Itsukushima shrine must be beautiful in good weather, because even with the grayness and dampness it was still gorgeous. Finally, some good pictures!

The best part of the trip up to Miyajima was getting to devour some Hiroshima okonomiyaki.  The place we went to was small, family run, and the okonomiyaki was goooood. There was one old woman behind the counter who was just staring at me, mesmerized by my use of chopsticks. It was great entertainment for her and I could just hear the commentary in her head:

Oh it looks like she’s struggling on that one piece, is she gonna do it? Oh the cheese is really gooey maybe she won’t be able to cut through it. Is she…yes…she did it! Sugoooi!

Oishikatta

We went back to the house shortly after that, where I took the elevator (!) up to my swanky room and passed out from the sneezing I had been doing all day. Did I forget to mention I was having an extreme hay fever attack as well?

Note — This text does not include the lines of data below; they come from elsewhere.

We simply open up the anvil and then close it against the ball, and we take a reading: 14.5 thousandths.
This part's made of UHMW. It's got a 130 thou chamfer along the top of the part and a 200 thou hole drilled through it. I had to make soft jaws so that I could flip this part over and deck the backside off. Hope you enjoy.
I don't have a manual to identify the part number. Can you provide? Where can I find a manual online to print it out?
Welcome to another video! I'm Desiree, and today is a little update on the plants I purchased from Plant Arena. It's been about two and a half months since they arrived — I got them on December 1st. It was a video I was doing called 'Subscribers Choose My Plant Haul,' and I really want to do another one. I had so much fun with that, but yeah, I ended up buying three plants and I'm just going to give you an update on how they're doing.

After my nap my friend’s dad came home and I was finally able to meet him. He took us all out to dinner at a really fancy, traditional Japanese restaurant. As we sat in our private room with soft shamisen music playing over the speakers I thought wow, all this for little old me?

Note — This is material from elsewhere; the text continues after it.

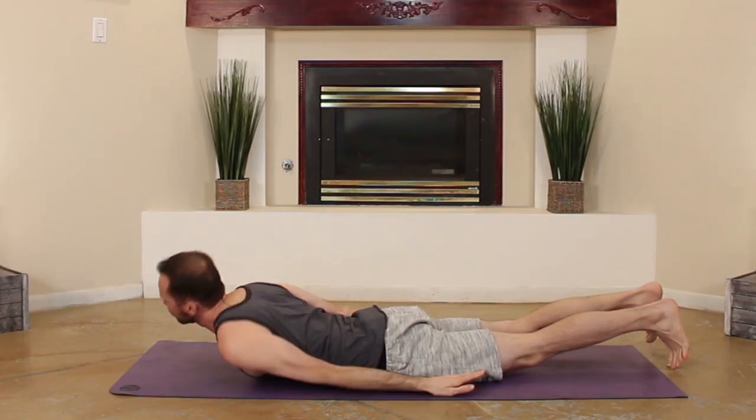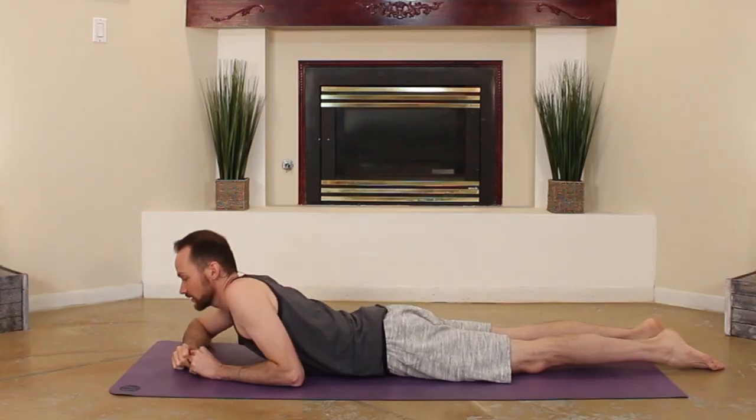This pose is called half locusts, not beached whale pose. Rather than trying to force your hands underneath, here is a good modified version of this pose — rather than forcing those arms underneath,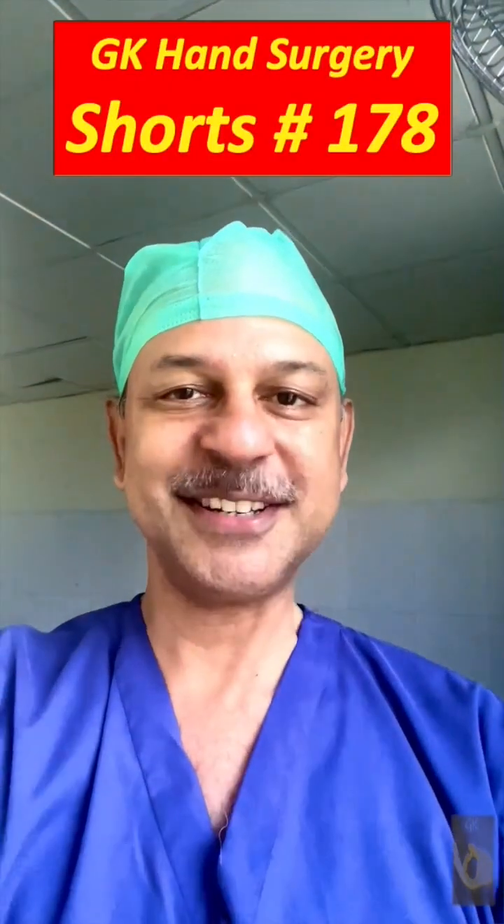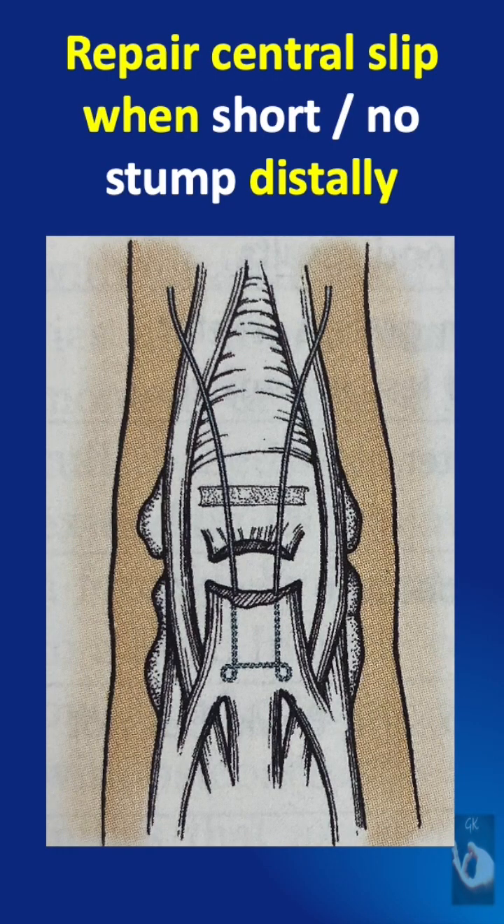Learning hand surgery one point at a time. How to repair a central slip when there is a short or no stump distally.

The first course was an elaborately decorated sashimi plate. Here look at it, tell me that’s not some elaborate decoration.

Yep there’s a lobster tail and some seashells on there, even a fresh crab. So fresh that as the waitress was bringing the plate in the crab rolled off and tried to make a break for it. My feet went up off the floor and under me so fast. My friend’s ma squealed even as she picked the crab up by one of its legs and it struggled weakly. The waitress was all apologizing and bowing, but by the way she speedily took the crab away, I think it must happen a lot. I think he was chopped up into a soup we had later. Anyway, after that with every course I sent a silent prayer – please, nothing alive.

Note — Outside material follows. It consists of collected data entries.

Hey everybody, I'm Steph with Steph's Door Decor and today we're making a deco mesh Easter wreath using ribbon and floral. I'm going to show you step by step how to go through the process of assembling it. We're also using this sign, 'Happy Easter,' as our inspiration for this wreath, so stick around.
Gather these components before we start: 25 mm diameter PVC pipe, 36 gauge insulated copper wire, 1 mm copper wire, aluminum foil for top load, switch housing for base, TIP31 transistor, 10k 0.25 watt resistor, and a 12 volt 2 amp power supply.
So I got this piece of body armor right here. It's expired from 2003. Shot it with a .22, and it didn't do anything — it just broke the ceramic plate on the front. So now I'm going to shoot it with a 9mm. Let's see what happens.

See, this family has been very kind to be, taking me into their home and such. I couldn’t insult them by refusing to eat something “yucky” at dinner. Even though I’ve been in Japan for over a year I haven’t been that adventurous with food, mostly only eating the basics like sushi, sashimi and curry. But no matter what kind of “Fear Factor” like weirdness they brought out, (you remember that show? Where people had to eat bull testicles and living bugs and alladat?) I was determined to at least try to get it down.  Luckily not only was everything dead, but for the most part delicious. The only think I didn’t care for was sea urchin. Imagine what it might be like to eat a pair of musty, sweaty old socks, and you’re close to what it tastes like.

My favourite course was the Hiroshima beef above. It was so soft and juicy and…and beefy…*drool*.  I would go back to Hiroshima just for that.

It came out sizzling on the plate, like high-class korean BBQ.

Despite the rain and the renovations, I had a great time in Hiroshima, but even Hiroshima beef couldn’t keep me away from the wonders of Kyoto.